• **Dataset entries**

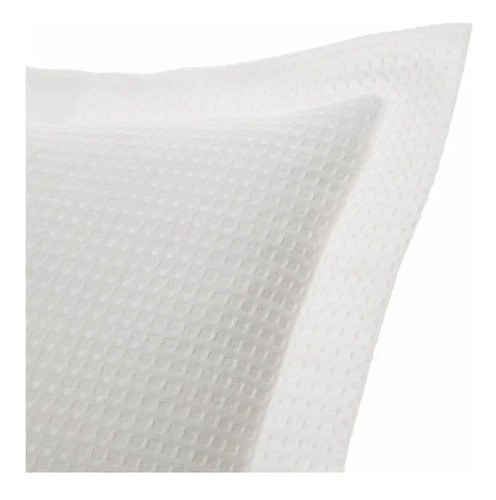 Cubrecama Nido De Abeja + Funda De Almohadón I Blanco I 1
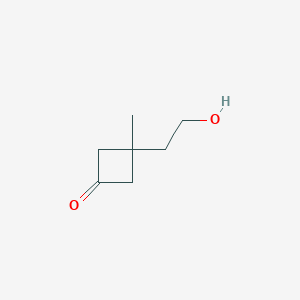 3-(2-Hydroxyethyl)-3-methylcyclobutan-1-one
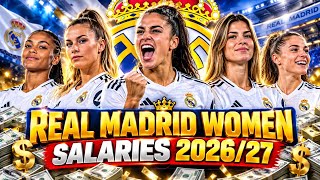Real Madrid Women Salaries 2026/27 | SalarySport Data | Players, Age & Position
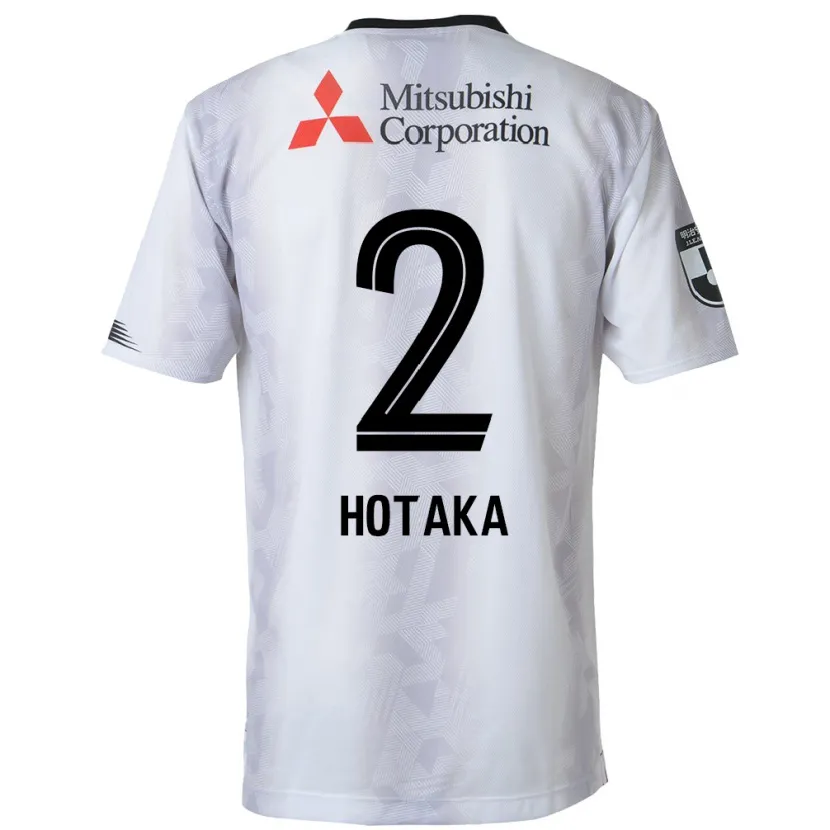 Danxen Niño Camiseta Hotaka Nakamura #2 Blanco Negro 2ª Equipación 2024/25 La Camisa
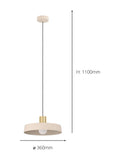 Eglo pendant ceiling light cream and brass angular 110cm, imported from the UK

• **Exercise prompt**
Your reply should repeat the entries above exactly, leaving the pictures out.

• **Solution for this problem**
 Cubrecama Nido De Abeja + Funda De Almohadón I Blanco I 1
 3-(2-Hydroxyethyl)-3-methylcyclobutan-1-one
Real Madrid Women Salaries 2026/27 | SalarySport Data | Players, Age & Position
 Danxen Niño Camiseta Hotaka Nakamura #2 Blanco Negro 2ª Equipación 2024/25 La Camisa
 Eglo pendant ceiling light cream and brass angular 110cm, imported from the UK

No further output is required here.